A different situation arises when an employee has already exercised options, paid the perquisite tax on exercise, and holds actual shares, and the company later cancels or buys back those shares (for example, in a company restructuring, or because a startup shuts down and shareholders agree to cancel shares for a token amount or nothing).
Worked Example: Shares Cancelled After Exercise
Suresh exercised options, then the startup shuts downSuresh exercised 2,000 ESOP options at an unlisted startup two years ago, when FMV was Rs 50 per share and his exercise price was Rs 10 per share. He paid perquisite tax on (Rs 50 - Rs 10) x 2,000 = Rs 80,000 at that time, as part of his salary income for that year. The startup later fails, and as part of winding up, all shareholders, including Suresh, surrender their shares for a nominal Rs 1 per share, i.e. Rs 2,000 total. For capital gains purposes, Suresh's cost of acquisition is the FMV already taxed at exercise, Rs 50 per share (Rs 1,00,000 total). His sale consideration is Rs 2,000. This results in a capital loss of Rs 98,000, which Suresh can potentially use to offset other capital gains, subject to the normal set-off and carry-forward rules for capital losses. The Rs 80,000 perquisite tax he already paid at exercise is not refunded, but the resulting capital loss is a real, usable tax outcome from the eventual write-off.
Practical Takeaways
- If your options lapse or are forfeited before exercise, whether vested or unvested, there is no income tax to worry about, since the taxable event (exercise) never occurred
- If you already exercised and paid perquisite tax, and the shares later become worthless or are cancelled, the resulting capital loss can be used against other capital gains, but the originally paid perquisite tax (which was salary income tax, not capital gains tax) is not separately reversible
- Keep documentation of grant letters, vesting schedules, exercise notices and any cancellation or buy-back agreements, since these establish the timeline and values needed for both perquisite and capital gains computations
Frequently Asked Questions
If my options vest but I leave the company before exercising, do I owe any tax on the value of those vested options? ▼
No. Vesting alone is not a taxable event. Tax under Section 17(2)(vi) arises only when options are exercised and shares are actually allotted. If you leave the company and your vested but unexercised options lapse (because you did not exercise within the post-exit window allowed by the plan), no perquisite income arises, since exercise never took place.

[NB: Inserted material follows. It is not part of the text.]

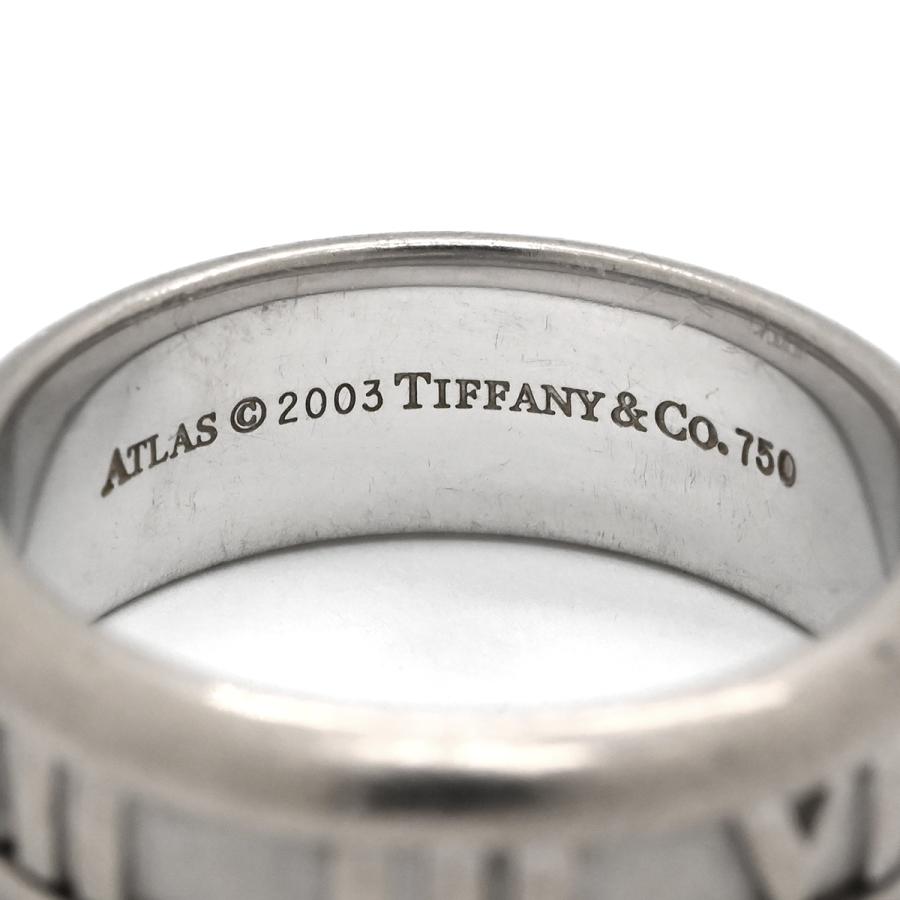 TIFFANY&Co.（ティファニー） リング 指輪 アトラス シルバー ホワイト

Can I claim a deduction for the loss of value when my vested options simply expire unexercised? ▼
No. Because no taxable event (exercise) ever occurred for those options, there is also no recognised cost or asset for tax purposes that can give rise to a deductible loss when they lapse. The economic loss of opportunity is real, but it does not translate into a tax-recognised capital loss, since nothing was ever acquired in the tax sense.
What tax form or schedule do I use to report a capital loss from cancelled ESOP shares? ▼
A capital loss arising from cancellation or buy-back of shares that were previously allotted on ESOP exercise is reported under the Capital Gains schedule of your ITR (typically Schedule CG in ITR-2 or ITR-3), using the FMV on the original exercise date as cost of acquisition and the cancellation or buy-back proceeds as sale consideration. This loss can then be set off against other capital gains as per the normal set-off and carry-forward rules.